__Your task__. The data below should be copied over with complete accuracy.

__Material for the task__.
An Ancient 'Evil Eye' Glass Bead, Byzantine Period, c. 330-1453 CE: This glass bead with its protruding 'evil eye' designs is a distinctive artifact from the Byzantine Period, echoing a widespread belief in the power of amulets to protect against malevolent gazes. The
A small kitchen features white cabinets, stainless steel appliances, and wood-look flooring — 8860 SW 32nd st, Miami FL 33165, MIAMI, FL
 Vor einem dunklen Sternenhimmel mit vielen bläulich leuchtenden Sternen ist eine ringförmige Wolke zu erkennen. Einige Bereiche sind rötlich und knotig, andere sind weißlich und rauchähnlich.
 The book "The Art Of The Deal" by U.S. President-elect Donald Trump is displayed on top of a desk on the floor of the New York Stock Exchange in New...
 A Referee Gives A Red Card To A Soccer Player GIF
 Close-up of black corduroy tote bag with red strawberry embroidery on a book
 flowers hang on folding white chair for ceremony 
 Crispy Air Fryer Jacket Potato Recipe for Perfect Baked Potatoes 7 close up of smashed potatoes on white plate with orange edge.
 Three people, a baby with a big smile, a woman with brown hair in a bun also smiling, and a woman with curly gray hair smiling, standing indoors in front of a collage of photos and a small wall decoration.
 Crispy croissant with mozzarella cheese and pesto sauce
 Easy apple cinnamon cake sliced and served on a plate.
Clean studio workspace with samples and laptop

__Written solution__.
An Ancient 'Evil Eye' Glass Bead, Byzantine Period, c. 330-1453 CE: This glass bead with its protruding 'evil eye' designs is a distinctive artifact from the Byzantine Period, echoing a widespread belief in the power of amulets to protect against malevolent gazes. The
A small kitchen features white cabinets, stainless steel appliances, and wood-look flooring — 8860 SW 32nd st, Miami FL 33165, MIAMI, FL
 Vor einem dunklen Sternenhimmel mit vielen bläulich leuchtenden Sternen ist eine ringförmige Wolke zu erkennen. Einige Bereiche sind rötlich und knotig, andere sind weißlich und rauchähnlich.
 The book "The Art Of The Deal" by U.S. President-elect Donald Trump is displayed on top of a desk on the floor of the New York Stock Exchange in New...
 A Referee Gives A Red Card To A Soccer Player GIF
 Close-up of black corduroy tote bag with red strawberry embroidery on a book
 flowers hang on folding white chair for ceremony 
 Crispy Air Fryer Jacket Potato Recipe for Perfect Baked Potatoes 7 close up of smashed potatoes on white plate with orange edge.
 Three people, a baby with a big smile, a woman with brown hair in a bun also smiling, and a woman with curly gray hair smiling, standing indoors in front of a collage of photos and a small wall decoration.
 Crispy croissant with mozzarella cheese and pesto sauce
 Easy apple cinnamon cake sliced and served on a plate.
Clean studio workspace with samples and laptop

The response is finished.